Nawiązywanie znajomości to jedna z tych rzeczy, które sprawiają, że człowiek nie usycha. Ja wiem, że ciężko dołączyć do nowej grupki znajomych, ale świetnym rozwiązaniem będzie dołączenie do grupy tanecznej, zdobywanie znajomości na siłowni, czy na spotkaniach blogerów/literackich/wielbicieli gier planszowych. Jeśli to jest problematyczne, to wyobraź sobie, że istnieją grupy i fora w internecie, gdzie możesz pogadać, wyrazić swoje zdanie, wymienić się fajnościami lub po prostu zainspirować. W działaniu tego typu bardzo ważny jest pierwiastek rywalizacji. Tak, tak, małe wyścigi i odrobina adrenaliny nikomu jeszcze nie zaszkodziły.
4. Zmienię nawyki!
Nawyki to takie ramy, które nadają konkretny kształt naszemu życiu. Dzięki nim możesz bez zastanowienia, zupełnie automatycznie, wykonać szereg czynności. Zmiana nawyków nie może odbywać się na hura, do tego trzeba czasu, silnej woli i konsekwencji (w gruncie rzeczy to naprawdę ciężki orzech do zgryzienia).
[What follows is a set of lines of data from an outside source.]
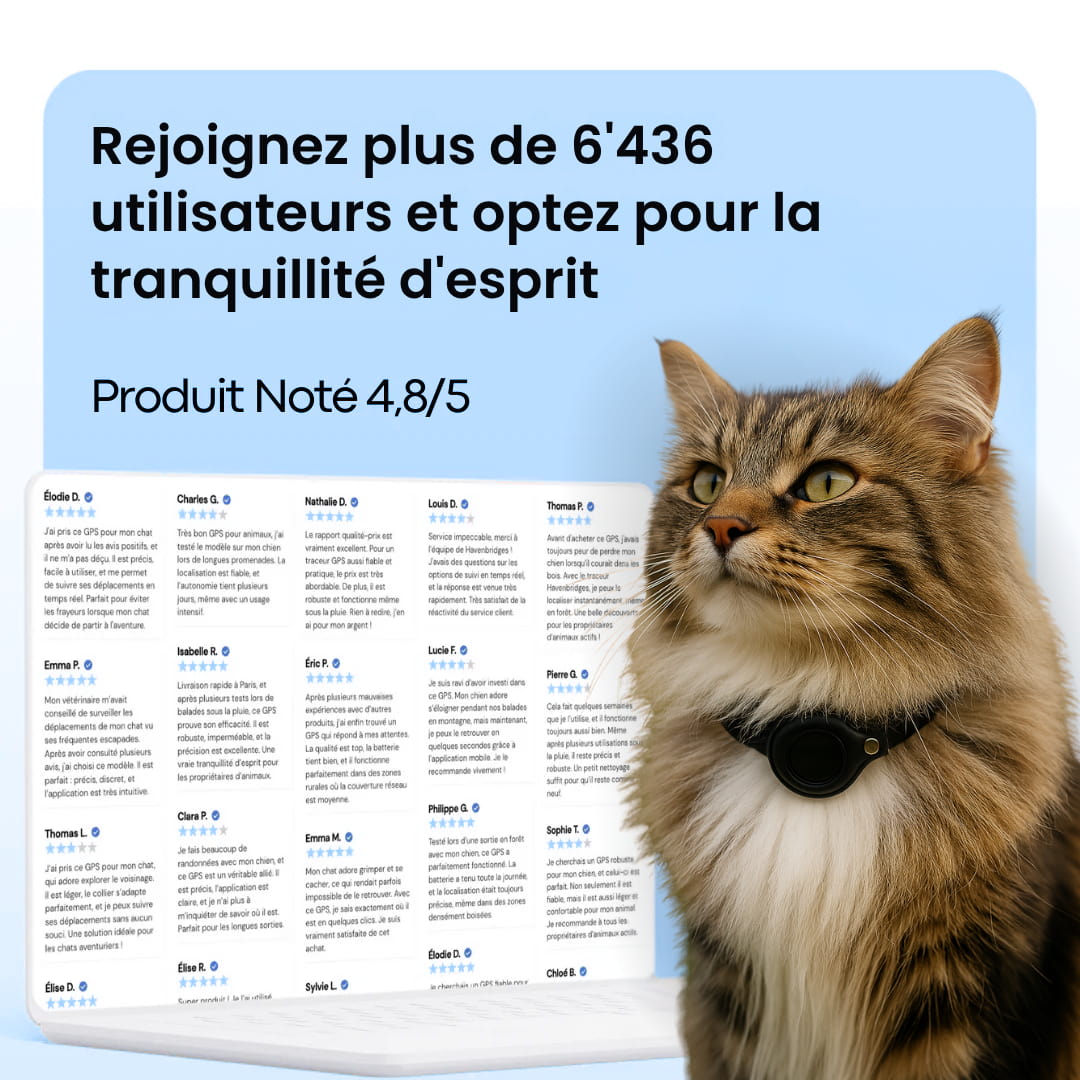 Collier GPS Pour Chat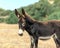 A close-up portrait of a small donkey grazing on field on a background of mountains. The cute curious animal is looking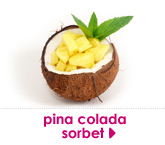 pina colada sorbet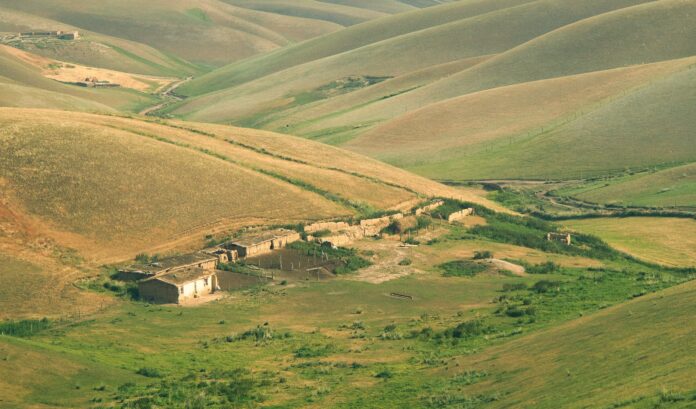 georgofili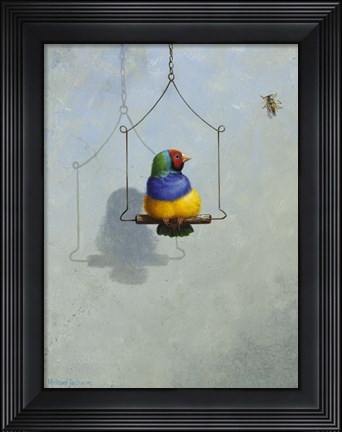 Framed Gouldian Finch Print
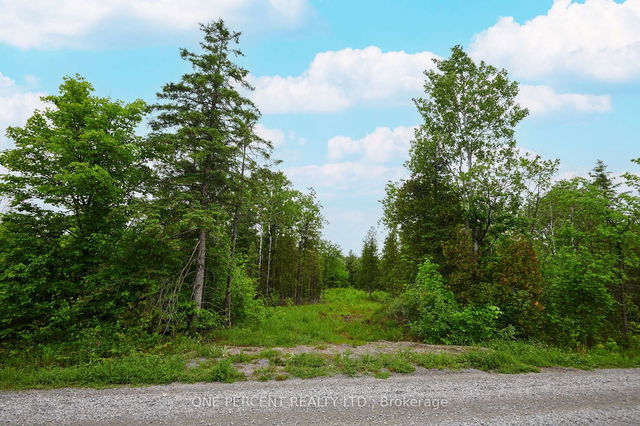 622 Kings Creek Road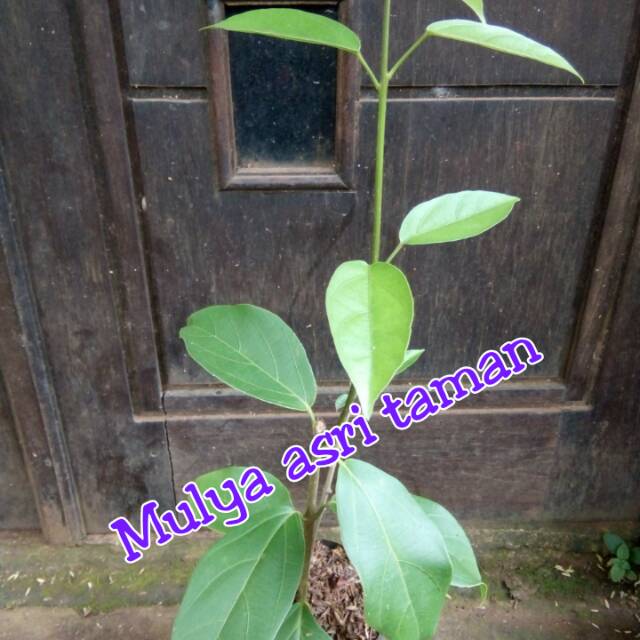 Bibit tanaman cincau perdu/bibit pohon cincau perdu | tanaman cincau batang/pohon cincau batang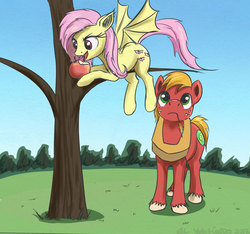Size: 800x750 | Tagged: safe, artist:el-yeguero, big macintosh, fluttershy, bat pony, earth pony, pony, g4, apple, eyes on the prize, female, flutterbat, food, looking at butt, looking up, male, mare, race swap, ship:fluttermac, shipping, stallion, straight, straw in mouth, tree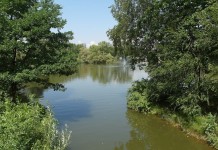 Park Śląski: Po tej decyzji „kroić Park” pod deweloperkę będzie teraz trudniej – twierdzą aktywiści. Uchwała o audycie krajobrazowym uchylona przez wojewodę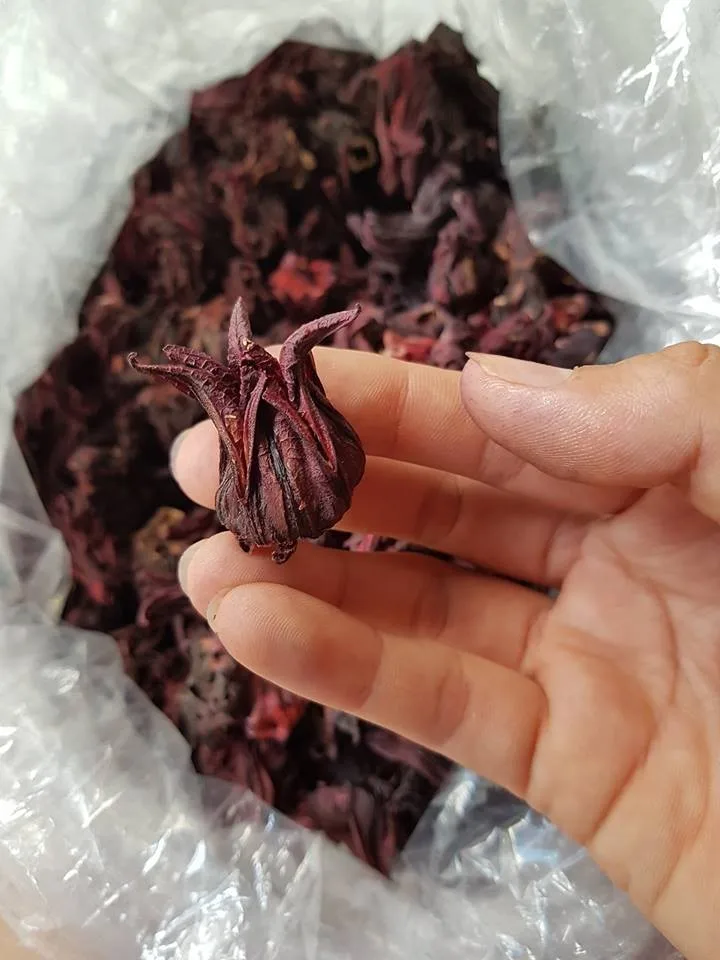 High Quality Dried Hibiscus Flowers/bulk Hibiscus Flowers Cut & Sifted
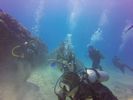 Hawaii Scuba divng 79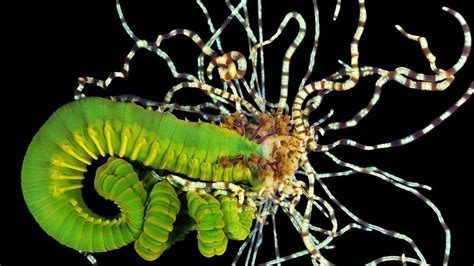 Photographer Reveals Terrifying New Sea Worms Beautiful Sea Creatures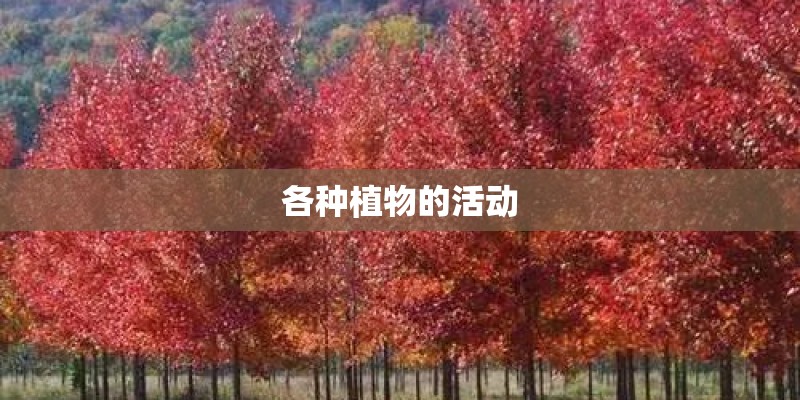 各种植物的活动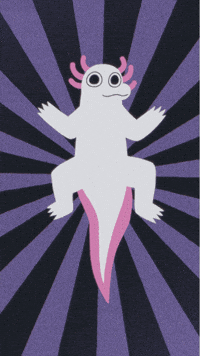 Axolotl GIF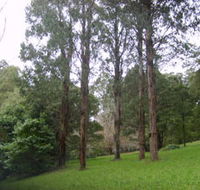 Mount Dandenong Arboretum - Accommodation Main Beach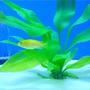 freshwater fish - metriaclima lombardoi - kenyi cichlid stocking in 55 gallons tank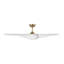 Ventilateur de plafond intérieur Terhune avec tige filetée, pales en ABS blanc mat et télécommande portable-638658854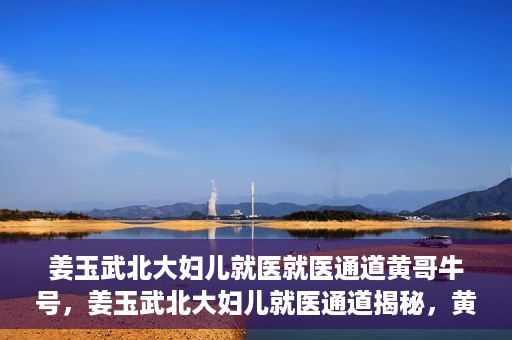 姜玉武北大妇儿就医就医通道黄哥牛号，姜玉武北大妇儿就医通道揭秘，黄哥牛号引领就医新体验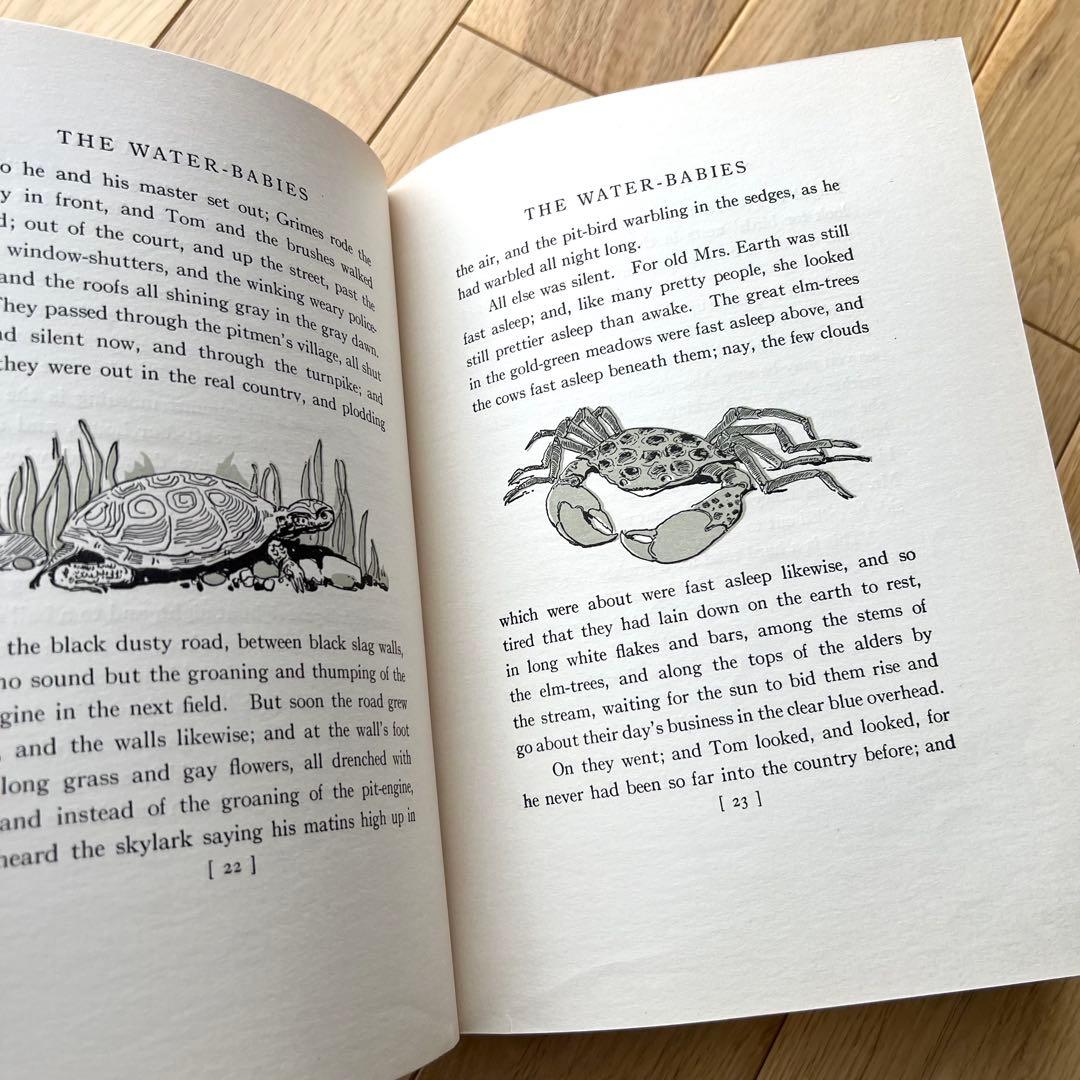 The Water-Babies⠀ジェシー・ウィルコックス・スミス　アンティーク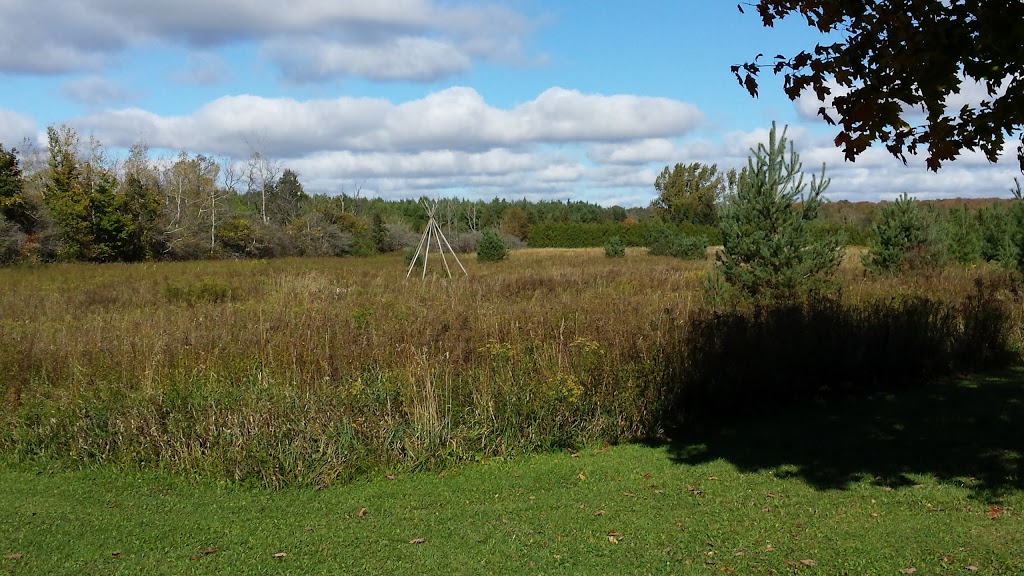 Ziontario Campgrounds | 344516 N Line, Priceville, ON N0C 1K0, Canada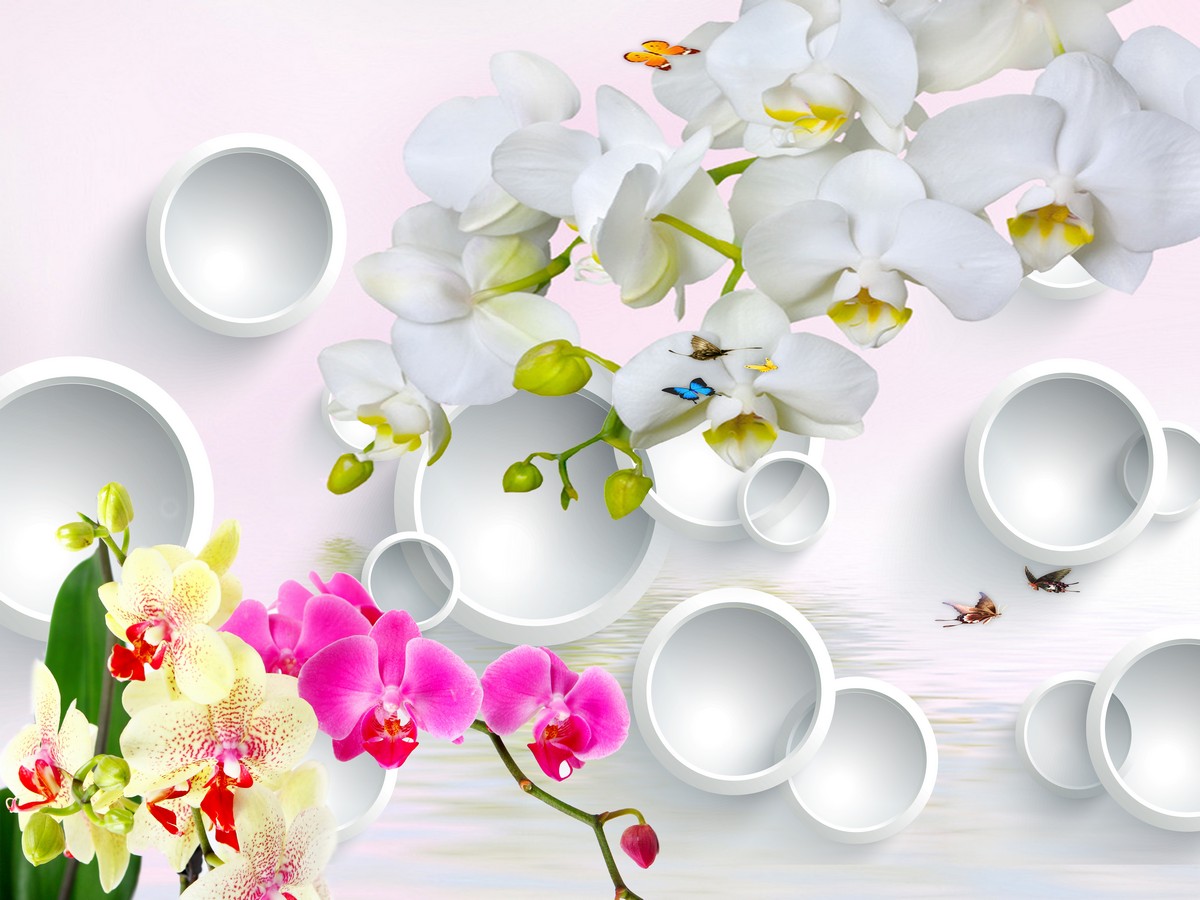 Фреска Воздушные орхидеи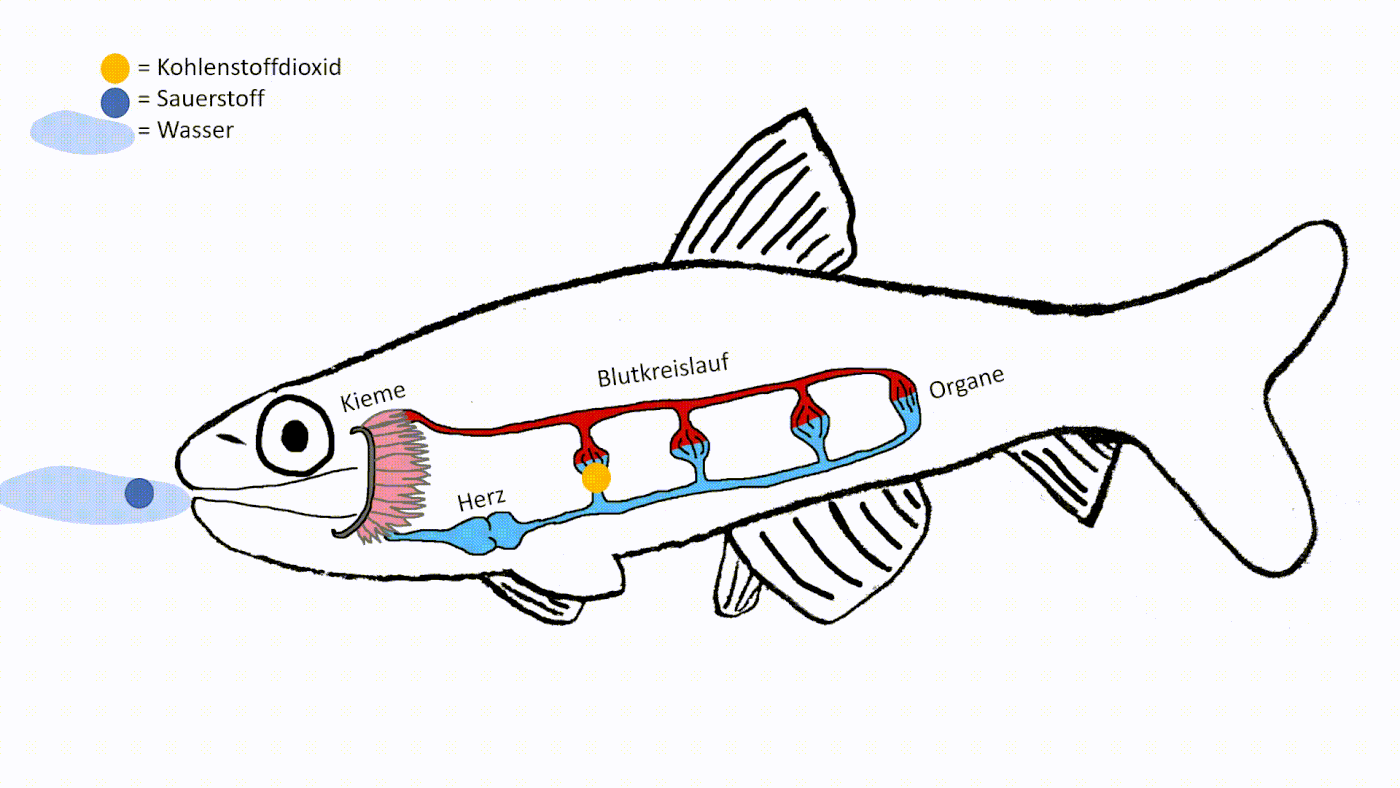 2.4 Fische BiologieUnterricht im digitalen Zeitalter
Ale spokojnie, wszystkiego można się wyuczyć, wystarczy tylko odrobinę cierpliwości. Warto złe nawyki przekształcać w dobre i uczyć się nowych, aby czuć się dobrze, działać produktywnie i czerpać z życia ile się da. Bo możesz powiedzieć, że schematy ograniczają pole widzenia, a ja Ci powiem, że schematy to taki pas startowy i dobrze by było, gdyby był w dobrym stanie, bez żadnych dziur i niespodzianek.
5. Zaryzykuję!
Zrób coś, czego się po sobie nie spodziewasz. Pozwól sobie pobyć dzieckiem, daj sobie czas na chwilę radości, poczuj moc i dreszczyk emocji. Mów TAK, i zgadzaj się na wszystkie te rzeczy, na które normalnie się nie zgadzasz. Popłyń. Nawet się nie zorientujesz jak szybko wypłyniesz ze swojego pokoju.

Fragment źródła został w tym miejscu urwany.